‘Misunderstood’ waste plant bids for approval

Great Southern Waste Technologies executive general manager Stuart Gilbert and chief operating officer Bill Keating with the proposed waste-to-energy plant. 207210_01 Picture: CAM LUCADOU-WELLS

By Cam Lucadou-Wells

A Dandenong South waste-to-energy proponent will submit its interest in a 16-council consortia’s tender process for advanced waste solutions in Melbourne’s South East.

Great Southern Waste Technologies will propose its controversial site at 70 Ordish Road, which has been overwhelmingly opposed by schools and residents in neighbouring Keysborough.

The consortia’s South East Metropolitan Advanced Waste Processing Procurement process is being led by the Metropolitan Waste and Resource Recovery Group. The group includes Greater Dandenong Council.

“I don’t think the proposal is understood yet by the local residents,” GSWT chief operating officer Bill Keating said of the heated community objections.

“We’re not there to cause harm. We’re out there to cause benefit in terms of the actual amount of pollution.

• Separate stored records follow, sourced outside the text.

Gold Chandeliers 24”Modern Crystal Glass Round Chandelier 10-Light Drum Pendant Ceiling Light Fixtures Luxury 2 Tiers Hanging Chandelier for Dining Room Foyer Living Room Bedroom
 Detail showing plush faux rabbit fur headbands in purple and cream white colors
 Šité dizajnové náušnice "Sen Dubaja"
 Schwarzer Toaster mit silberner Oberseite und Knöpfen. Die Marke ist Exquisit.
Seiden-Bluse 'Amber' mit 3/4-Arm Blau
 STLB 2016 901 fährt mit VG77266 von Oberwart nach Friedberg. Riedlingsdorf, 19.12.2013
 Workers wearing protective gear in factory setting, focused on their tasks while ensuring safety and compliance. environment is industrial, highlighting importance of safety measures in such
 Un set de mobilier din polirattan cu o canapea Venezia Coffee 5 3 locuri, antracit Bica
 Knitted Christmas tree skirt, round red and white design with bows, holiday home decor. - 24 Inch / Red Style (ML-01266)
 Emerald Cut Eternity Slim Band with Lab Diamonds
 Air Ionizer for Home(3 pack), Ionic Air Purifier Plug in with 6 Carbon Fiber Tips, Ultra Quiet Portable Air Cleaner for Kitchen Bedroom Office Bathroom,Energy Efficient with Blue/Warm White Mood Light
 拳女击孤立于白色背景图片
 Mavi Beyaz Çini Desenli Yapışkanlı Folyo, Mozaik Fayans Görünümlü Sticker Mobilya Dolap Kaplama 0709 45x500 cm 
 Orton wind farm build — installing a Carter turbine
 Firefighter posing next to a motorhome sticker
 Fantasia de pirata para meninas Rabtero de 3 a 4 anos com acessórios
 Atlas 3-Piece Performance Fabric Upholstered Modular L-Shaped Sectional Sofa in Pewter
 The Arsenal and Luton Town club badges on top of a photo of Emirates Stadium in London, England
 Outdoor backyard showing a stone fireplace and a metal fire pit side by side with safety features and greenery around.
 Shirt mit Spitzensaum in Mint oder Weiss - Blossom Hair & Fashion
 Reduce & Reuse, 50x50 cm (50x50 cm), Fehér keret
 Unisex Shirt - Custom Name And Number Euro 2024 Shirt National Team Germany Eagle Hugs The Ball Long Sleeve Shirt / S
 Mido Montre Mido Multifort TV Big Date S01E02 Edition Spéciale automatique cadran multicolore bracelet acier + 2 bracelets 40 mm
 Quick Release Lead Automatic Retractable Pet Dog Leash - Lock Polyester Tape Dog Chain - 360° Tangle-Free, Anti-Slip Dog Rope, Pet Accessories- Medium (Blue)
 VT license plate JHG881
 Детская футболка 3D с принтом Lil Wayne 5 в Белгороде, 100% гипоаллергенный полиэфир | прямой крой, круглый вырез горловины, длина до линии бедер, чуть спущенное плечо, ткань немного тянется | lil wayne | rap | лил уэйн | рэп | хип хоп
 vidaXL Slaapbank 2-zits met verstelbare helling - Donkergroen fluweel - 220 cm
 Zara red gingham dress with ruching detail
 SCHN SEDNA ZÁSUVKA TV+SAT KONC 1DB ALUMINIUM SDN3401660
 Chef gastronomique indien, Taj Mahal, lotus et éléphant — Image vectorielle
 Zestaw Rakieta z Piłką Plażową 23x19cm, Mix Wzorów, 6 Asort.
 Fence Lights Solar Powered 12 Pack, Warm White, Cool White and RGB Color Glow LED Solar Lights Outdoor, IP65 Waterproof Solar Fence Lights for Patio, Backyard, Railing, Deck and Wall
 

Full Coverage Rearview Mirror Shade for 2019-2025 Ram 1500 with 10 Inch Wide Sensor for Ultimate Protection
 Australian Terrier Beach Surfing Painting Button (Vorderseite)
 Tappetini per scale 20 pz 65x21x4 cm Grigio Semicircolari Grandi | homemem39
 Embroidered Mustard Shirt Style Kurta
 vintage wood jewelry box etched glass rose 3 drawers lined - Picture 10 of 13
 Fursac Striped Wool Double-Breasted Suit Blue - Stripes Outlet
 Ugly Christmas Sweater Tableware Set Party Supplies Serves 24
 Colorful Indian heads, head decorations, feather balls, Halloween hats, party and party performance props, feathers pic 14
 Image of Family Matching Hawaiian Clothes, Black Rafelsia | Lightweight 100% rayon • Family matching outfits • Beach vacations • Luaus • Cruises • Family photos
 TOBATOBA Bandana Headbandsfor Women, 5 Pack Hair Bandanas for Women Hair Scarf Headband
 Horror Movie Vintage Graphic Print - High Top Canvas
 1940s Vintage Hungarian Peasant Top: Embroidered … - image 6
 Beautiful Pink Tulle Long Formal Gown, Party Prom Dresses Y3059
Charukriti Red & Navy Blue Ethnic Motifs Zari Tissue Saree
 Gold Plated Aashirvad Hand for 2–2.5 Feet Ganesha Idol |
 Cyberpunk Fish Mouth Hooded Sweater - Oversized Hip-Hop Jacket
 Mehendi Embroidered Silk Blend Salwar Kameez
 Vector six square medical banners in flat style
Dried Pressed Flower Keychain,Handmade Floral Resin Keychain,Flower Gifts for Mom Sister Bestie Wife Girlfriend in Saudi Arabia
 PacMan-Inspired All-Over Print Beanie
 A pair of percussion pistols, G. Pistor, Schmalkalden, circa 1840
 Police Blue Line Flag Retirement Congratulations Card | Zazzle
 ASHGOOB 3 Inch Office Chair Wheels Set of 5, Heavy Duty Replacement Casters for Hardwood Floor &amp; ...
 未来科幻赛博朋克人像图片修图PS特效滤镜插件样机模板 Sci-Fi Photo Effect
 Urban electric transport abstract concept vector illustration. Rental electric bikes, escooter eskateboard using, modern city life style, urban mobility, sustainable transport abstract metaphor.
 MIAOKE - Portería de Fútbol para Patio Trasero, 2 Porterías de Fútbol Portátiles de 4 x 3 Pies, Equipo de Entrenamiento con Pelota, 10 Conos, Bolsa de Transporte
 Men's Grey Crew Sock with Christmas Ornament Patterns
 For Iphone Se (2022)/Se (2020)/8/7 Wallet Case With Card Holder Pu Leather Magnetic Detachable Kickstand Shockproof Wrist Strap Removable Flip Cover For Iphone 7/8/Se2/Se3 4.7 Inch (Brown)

“We’re not belching out smoke or toxic chemicals – it’s illegal to do that. The EPA just won’t allow that to happen.”

Compared to the waste going to landfill, the plant would be “environmentally positive” and a “better solution”.

It would result in less carbon-dioxide emissions and groundwater contamination than dumping waste at the tip.

Mr Keating acknowledged strong community objections to emissions and ground-level concentrations and how they will be measured.

It was wrongly reported that about three per cent of the waste will be emitted as fly-ash, Mr Keating said. It would be captured in a bag filter within the plant, rather than expelled into the atmosphere.

Particulate-matter air emissions would be “near zero”, he said.

“We have to be below that 10-parts-per-million (threshold) – and we are.”

The tender process isn’t expected until later this year, with the impact of Covid-19 an unknown obstruction.

Greater Dandenong is among the 16 councils that are part of the South-East advanced-waste consortia. It delayed a decision on a building works permit for the GSWT proposal.

With the 60-day statutory time limit expired, GWST has lodged for the permit to be heard at the Victorian Civil and Administrative Tribunal (VCAT).

GWST is also awaiting approval from Environment Protection Agency Victoria (EPA).

The 1.27-hectare site at Ordish Road is in an industrial 2 zone identified by the State Government as a waste and recovery hub of state importance, the proponent argues.

The plant will process 100,000 tonnes of waste, mainly from households, that would otherwise go to landfill.

It would generate about 7.9 MegaWatts of power into the grid – suffice for about 7000 homes and businesses.

Mr Keating said the technology had been “well proven” in Europe, easily meeting European Union emissions standards.

The plant would employ 30 workers with a further 30 indirect jobs, Mr Keating said.